START Records shown

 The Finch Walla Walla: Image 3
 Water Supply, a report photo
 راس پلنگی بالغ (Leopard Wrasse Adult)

END Records shown
START Records shown

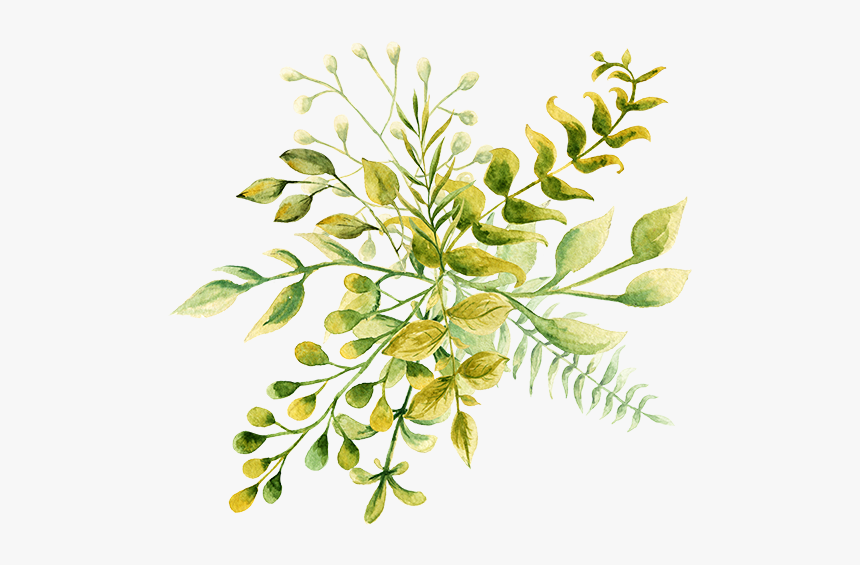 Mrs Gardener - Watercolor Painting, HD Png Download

END Records shown
START Records shown

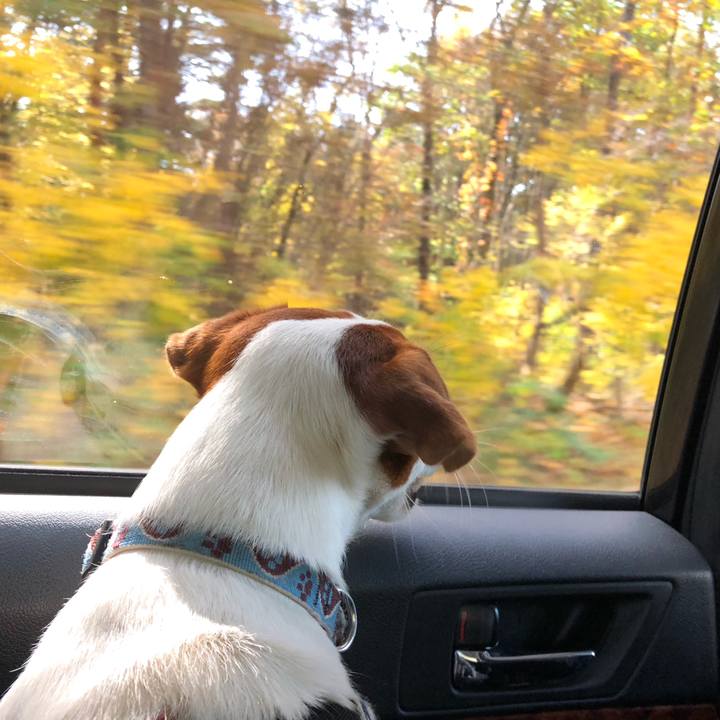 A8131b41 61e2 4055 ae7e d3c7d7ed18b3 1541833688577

END Records shown

### Exercise instructions
Look through the material above and print exactly the lines from the one containing "Water Supply, a report photo" to the one containing "راس پلنگی بالغ (Leopard Wrasse Adult)", both included, and nothing more.

### Response area
 Water Supply, a report photo
 راس پلنگی بالغ (Leopard Wrasse Adult)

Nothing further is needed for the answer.